Д. А. Сергеев

Одинокая женщина на пустынном пляже

ЛУННЫЙ ВАЛЬС

― Входи, если не боишься, ― сказала она с лёгкой усмешкой в голосе.

Из открывшейся с тихим скрипом двери повеяло не то погребом, не то старой пыльной кладовой. Евгений оглянулся на прозрачный сад с местами сохранившейся уныло обвисшей листвой на чёрных ветках, четко прорисовавшихся в белесом свете необычайно яркой луны; на видневшийся за садом тёмный пустырь, на далёкие городские кварталы с уютно поблескивавшими рядами жёлтых окон, ― и неожиданно всей своей сущностью почувствовал глубину и объёмность представшего взору пространства. Высоко повисшая светящаяся сфера показалась ему атрибутом циркового представления, в котором иллюзионист плавным движением руки заставляет подняться в воздух ни к чему не прикреплённый шар, мучая незадачливого зрителя осознанием того, что этого не может быть.

Повернувшись к двери, Евгений шагнул через порог в ринувшийся навстречу мрак пустующего дома. Она вошла следом, закрыв за собой дверь. Мрак сгустился, и тревожное, но в то же время до дрожи приятное чувство накатило из тьмы, как дуновение свежего и волнующего морского ветра в тёплую южную ночь.

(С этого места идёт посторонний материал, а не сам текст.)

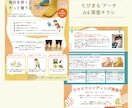 パワーポイント納品のチラシデータ作成します デザインソフトがなくても自分で修正ができるパワポデータを納品 イメージ10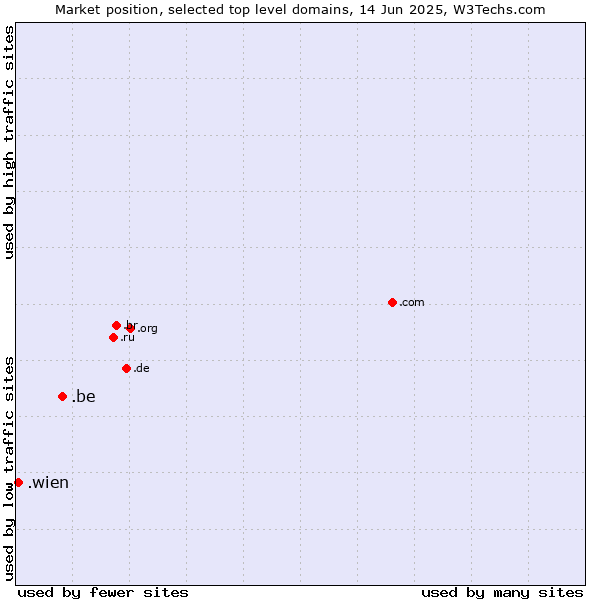 Market position of .be (Belgium) vs. .wien (City of Vienna (Wien), Austria)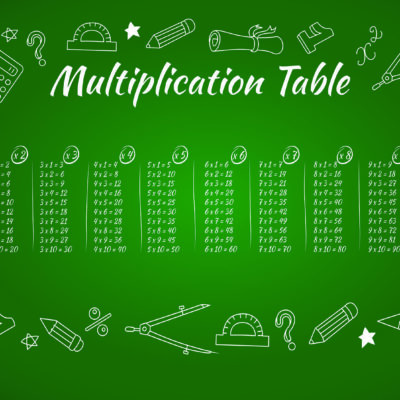 Multiple Table Kids MURAL WALLPAPER, Available in Various Paper Texture, Code M947. It is Produced as 105 CM WIDE ROLL PANELS.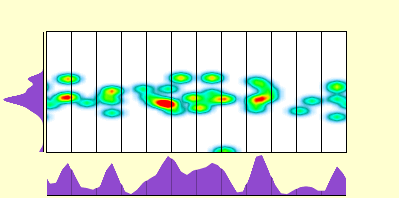 elevation plot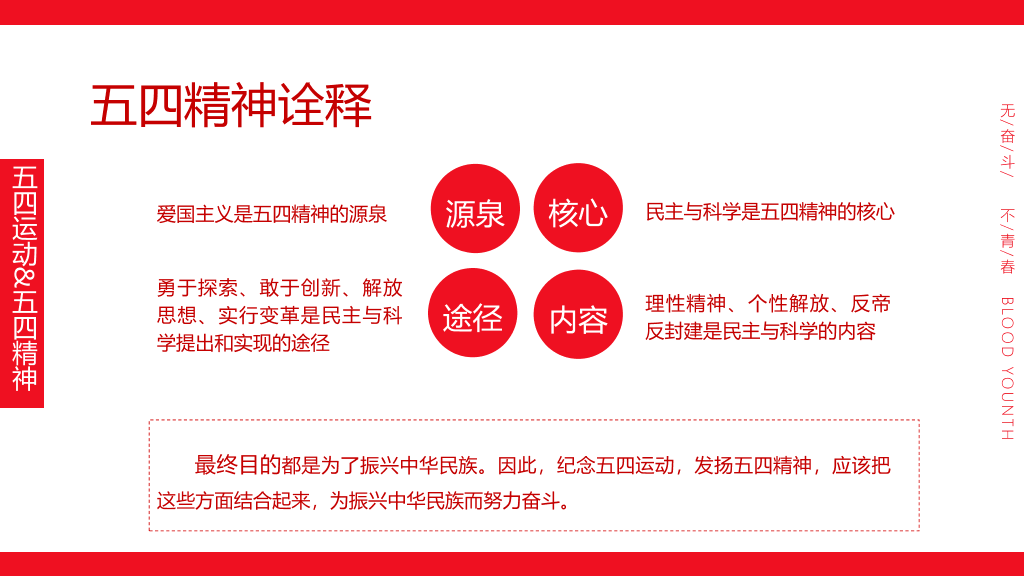 136#爱国主题团日活动PPT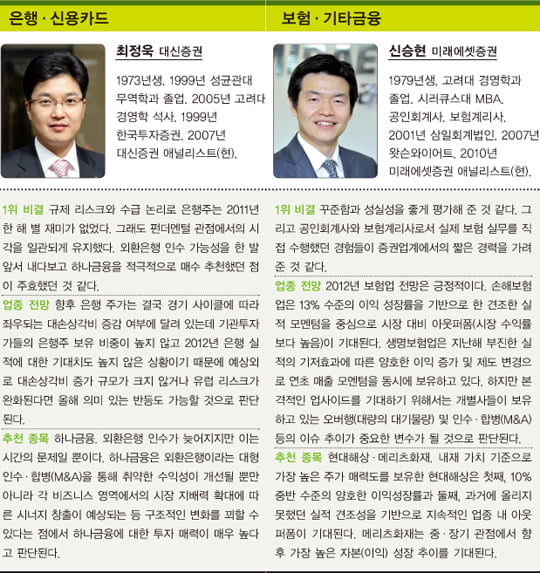 [베스트 애널리스트] 경영·경제 전공이 65.6%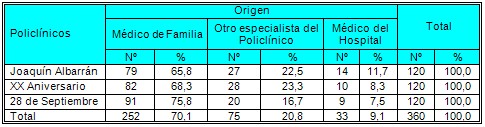 satisfaccion_usuarios_prestadores/origen_indicacion_ultrasonido satisfaccion_usuarios_prestadores/origen_indicacion_ultrasonido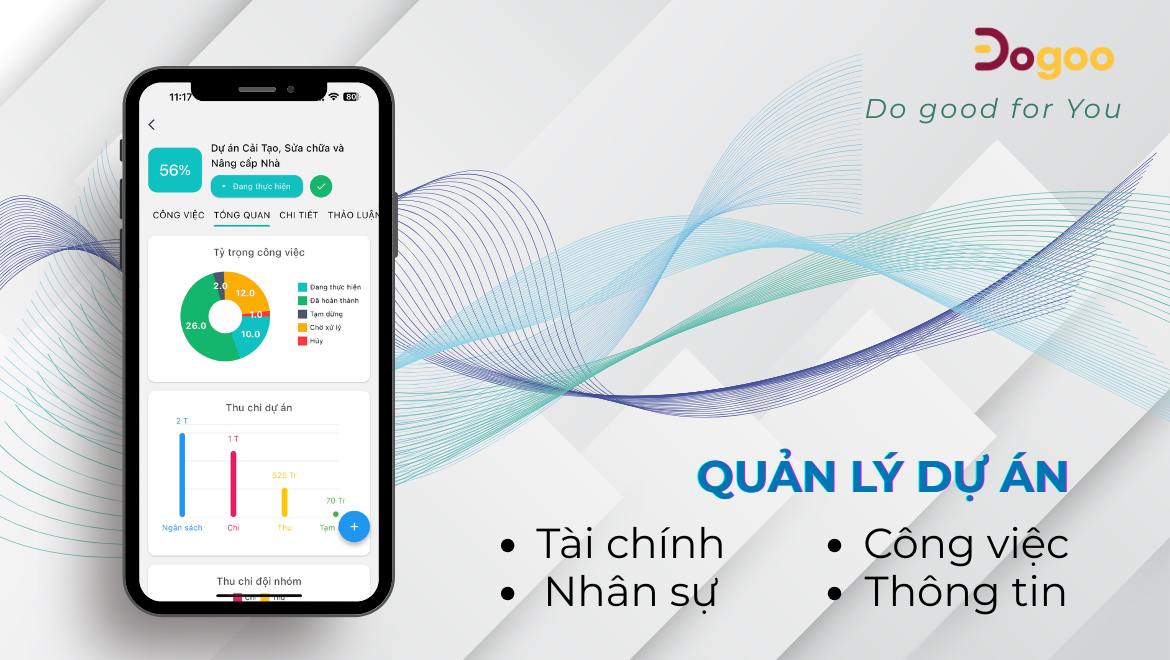 Ứng dụng phần mềm quản lý tiến độ dự án đã thực sự cần thiết ở Việt Nam?- Ảnh 3. Ứng dụng phần mềm quản lý tiến độ dự án đã thực sự cần thiết ở Việt Nam?- Ảnh 3.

― Впереди стол, ― неестественно бодрым и звонким голосом сказала она. ― А слева от него дверь. Там высокий порог, смотри не упади, а то мышей моих распугаешь — они здесь привыкли к тишине.

Упоминание о мышах Евгения не смутило, но мысль о том, что здесь могут быть ещё и крысы, мелькнула как-то неприятно. Впрочем, он воздержался от высказывания её вслух.

― Здесь у нас столовая, ― сказала девушка, остановившись в довольно просторной комнате с застеклённой, как у веранды, стеной и, воспользовавшись проникающим сквозь неё призрачным светом, обогнала Евгения, который стоял как вкопанный, глядя на распластавшиеся на стёклах чёрные тени деревьев и вьющуюся вдоль окна голую виноградную лозу.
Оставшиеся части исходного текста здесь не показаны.